WORK INSTRUCTIONS – Retype exactly what appears below from the line containing "2619 Dumfries Dr, Fayetteville, NC" down to the line containing "a plate with", keeping both end lines. Do not include pictures.

EXERCISE INPUT –
--- START ---
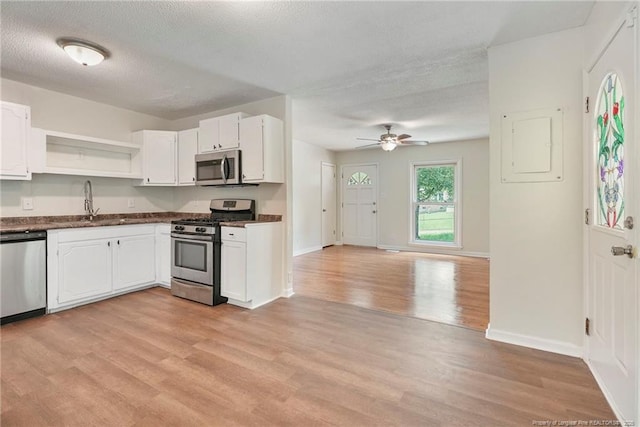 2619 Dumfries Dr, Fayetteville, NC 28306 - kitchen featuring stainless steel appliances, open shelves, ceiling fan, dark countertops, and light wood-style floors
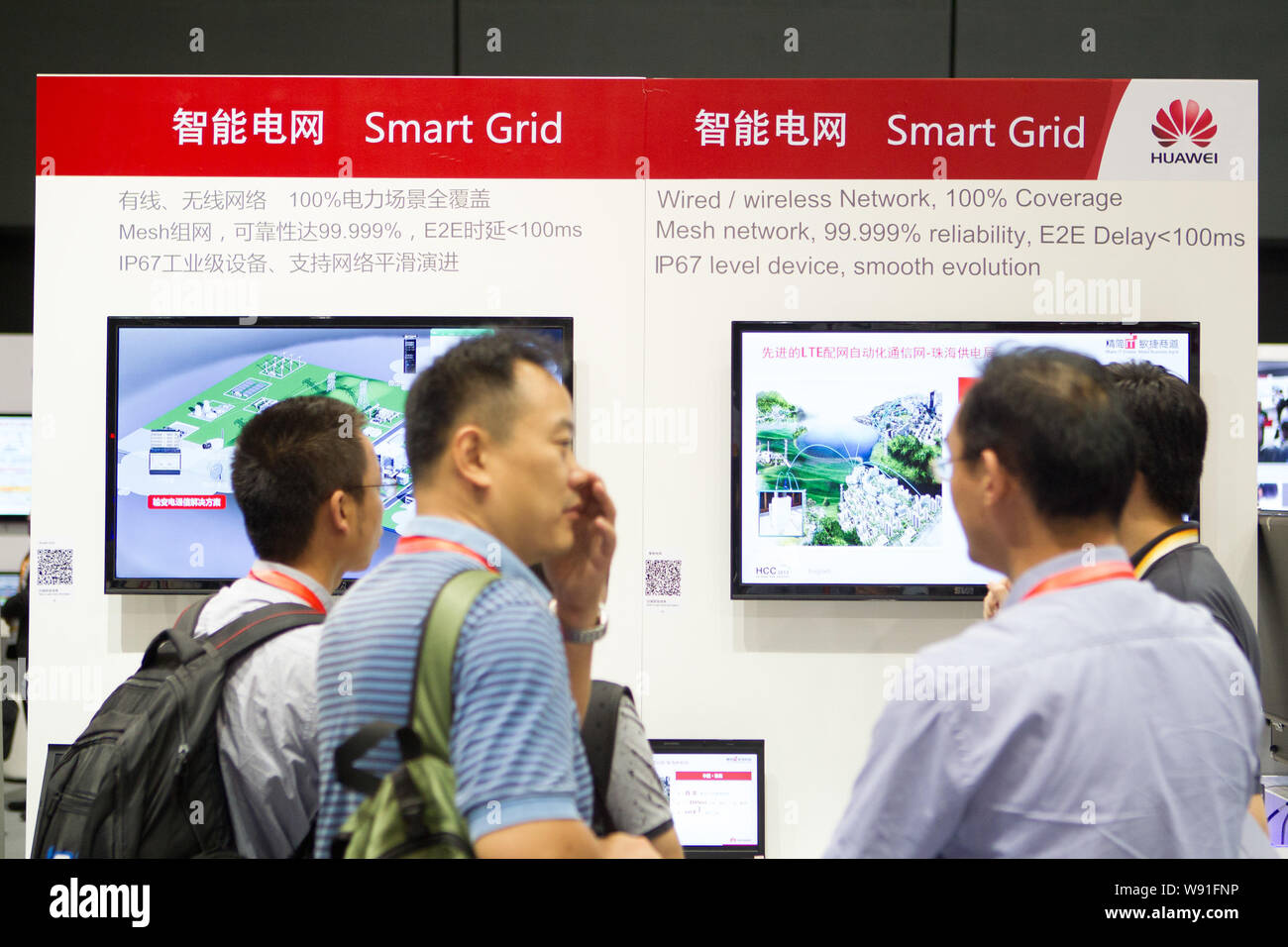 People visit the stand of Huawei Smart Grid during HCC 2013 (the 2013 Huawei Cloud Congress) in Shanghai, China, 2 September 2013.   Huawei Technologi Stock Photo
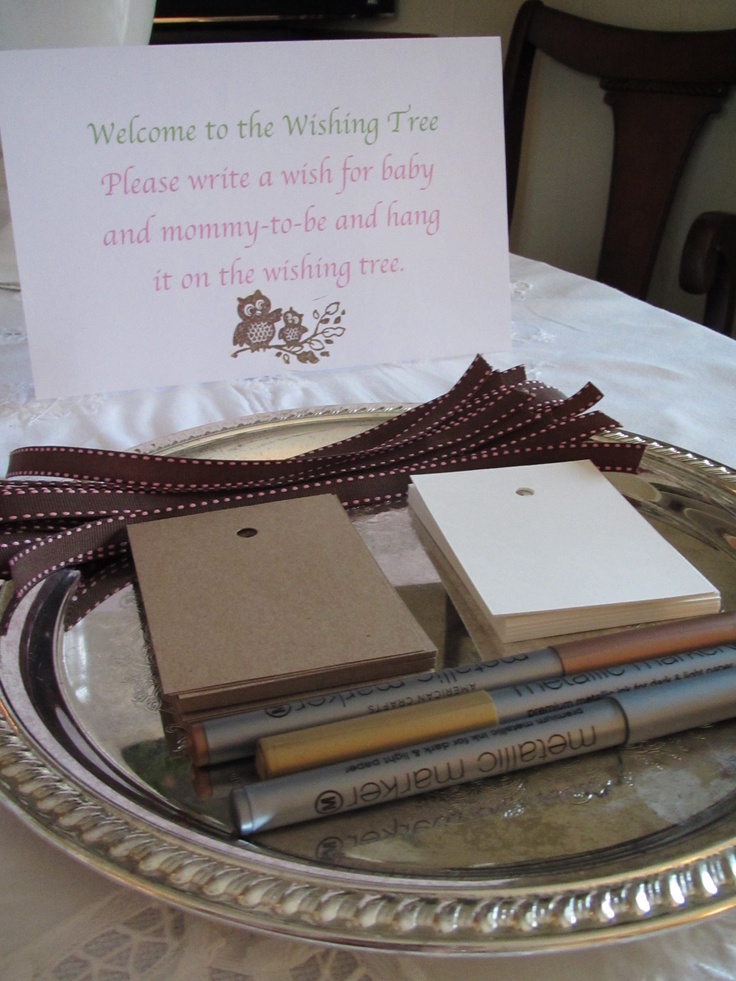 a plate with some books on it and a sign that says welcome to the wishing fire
--- END ---
--- START ---
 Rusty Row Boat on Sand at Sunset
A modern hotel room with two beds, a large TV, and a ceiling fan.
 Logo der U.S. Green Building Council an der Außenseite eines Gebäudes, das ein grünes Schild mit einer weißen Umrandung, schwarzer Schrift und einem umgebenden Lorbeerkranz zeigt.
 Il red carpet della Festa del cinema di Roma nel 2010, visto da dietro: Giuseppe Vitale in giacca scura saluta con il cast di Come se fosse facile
--- END ---
COMPLETED TASK –
 2619 Dumfries Dr, Fayetteville, NC 28306 - kitchen featuring stainless steel appliances, open shelves, ceiling fan, dark countertops, and light wood-style floors
 People visit the stand of Huawei Smart Grid during HCC 2013 (the 2013 Huawei Cloud Congress) in Shanghai, China, 2 September 2013.   Huawei Technologi Stock Photo
 a plate with some books on it and a sign that says welcome to the wishing fire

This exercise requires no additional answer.